Et les adeptes du tout marché sans frontière ni protection face à la concurrence, de se rendre enfin compte qu’il n’en va pas de l’industrie de l’armement comme de n’importe quel produit. L’enjeu est la souveraineté même des États. Aveuglée idéologiquement, la Commission ne peut imaginer un instant l’hypocrisie régnant dans ses services et parmi de nombreux États membres refusant, et c’est normal, de jouer le jeu de la solidarité européenne, préférant leur souveraineté nationale.

Favoriser l’industrie de l’armement en Europe

 

L’Europe voulue par Monnet et Schuman est une Europe soumise aux intérêts américains qui, en contrepartie d’assurer sa défense via l’OTAN, font de l’Union européenne un grand marché pour les entreprises américaines de l’armement.

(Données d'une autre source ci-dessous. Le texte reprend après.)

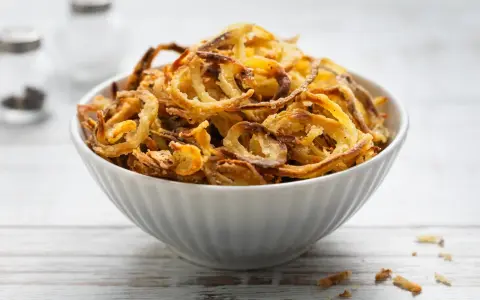 Ciotola piena di croccanti cipolle fritte dorate, perfette per accompagnare ogni piatto.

Cette structure, pourtant obsolète depuis la chute de l’URSS, empêche ainsi toute tentative de construire une base industrielle pour les États membres, gage d’indépendance et d’autonomie stratégique, que nous souhaitons nationale.

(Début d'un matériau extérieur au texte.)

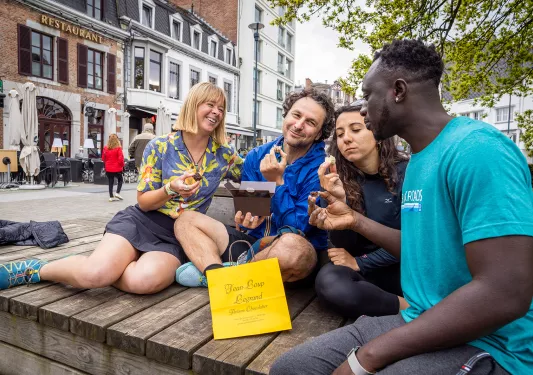 Two men and two women enjoy pastries on a bench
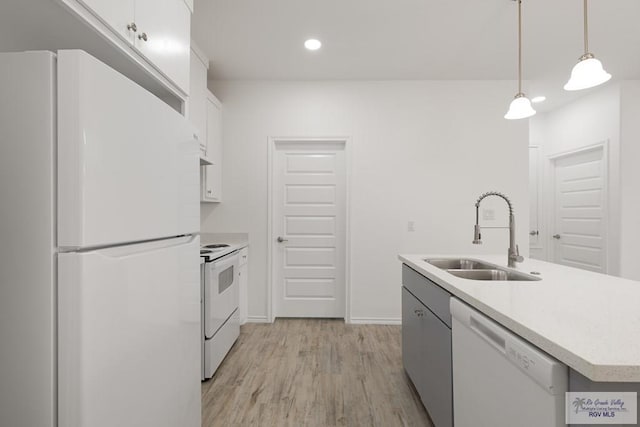 kitchen with white appliances, sink, a center island with sink, white cabinets, and hanging light fixtures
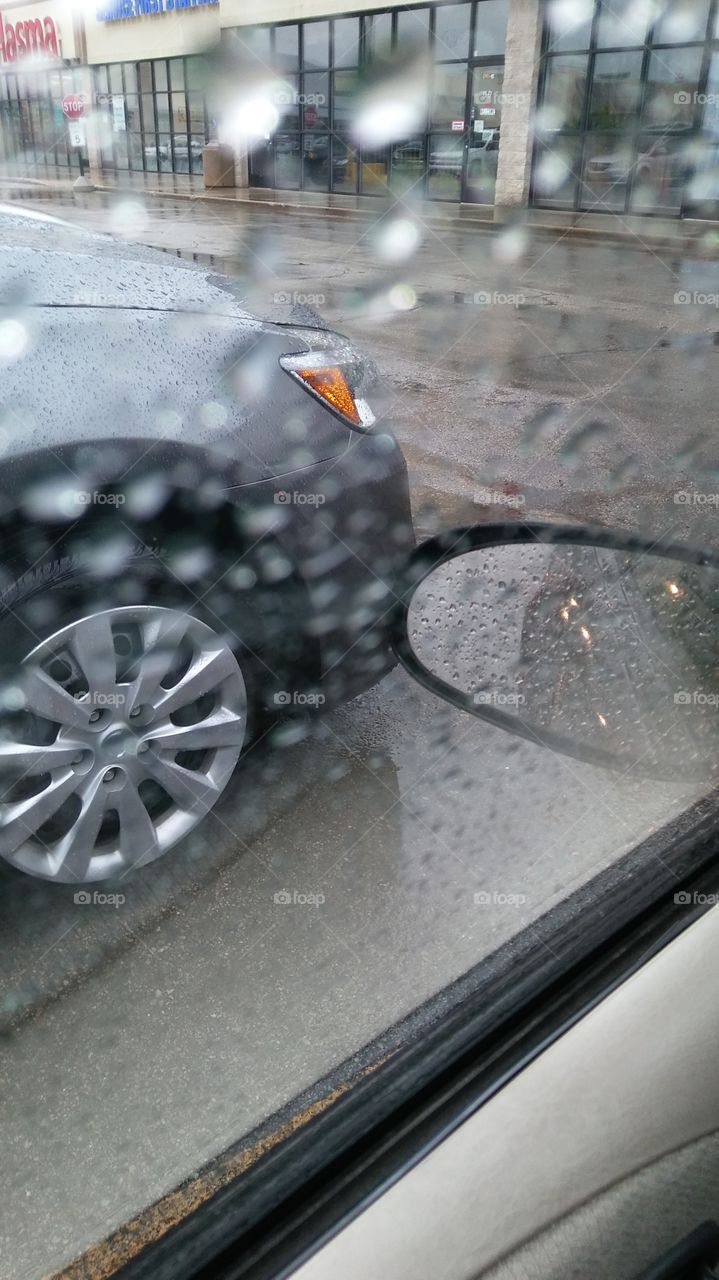 Tire and Mirror on a Rainy Day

L’Union européenne n’est pas capable de mettre en place la préférence communautaire. Certains d’ailleurs, ne le souhaitent pas car elle favoriserait d’abord la France, premier industriel européen dans le domaine de la défense. Le rapport d’évaluation, dirigé par un député allemand du groupe du Parti Populaire Européen, fait pratiquement l’impasse sur cette question du manque totale de solidarité, dont pâtissent en premier lieu les entreprises françaises de défense.

 

Les résultats sont là :  la part des ventes américaines dans les achats de produits de défense est colossale. Les ventes américaines via le système Foreign Military Sales, ont représenté l’équivalent de 70 milliards d’euros entre 2016 et juillet 2020, dont 19 milliards pour la Pologne, 7 milliards pour la Belgique et 5 mil­liards d’euros pour la Roumanie, soit entre un tiers et la moitié du total des dépenses de défense de tous les États membres de l’UE suivant les années.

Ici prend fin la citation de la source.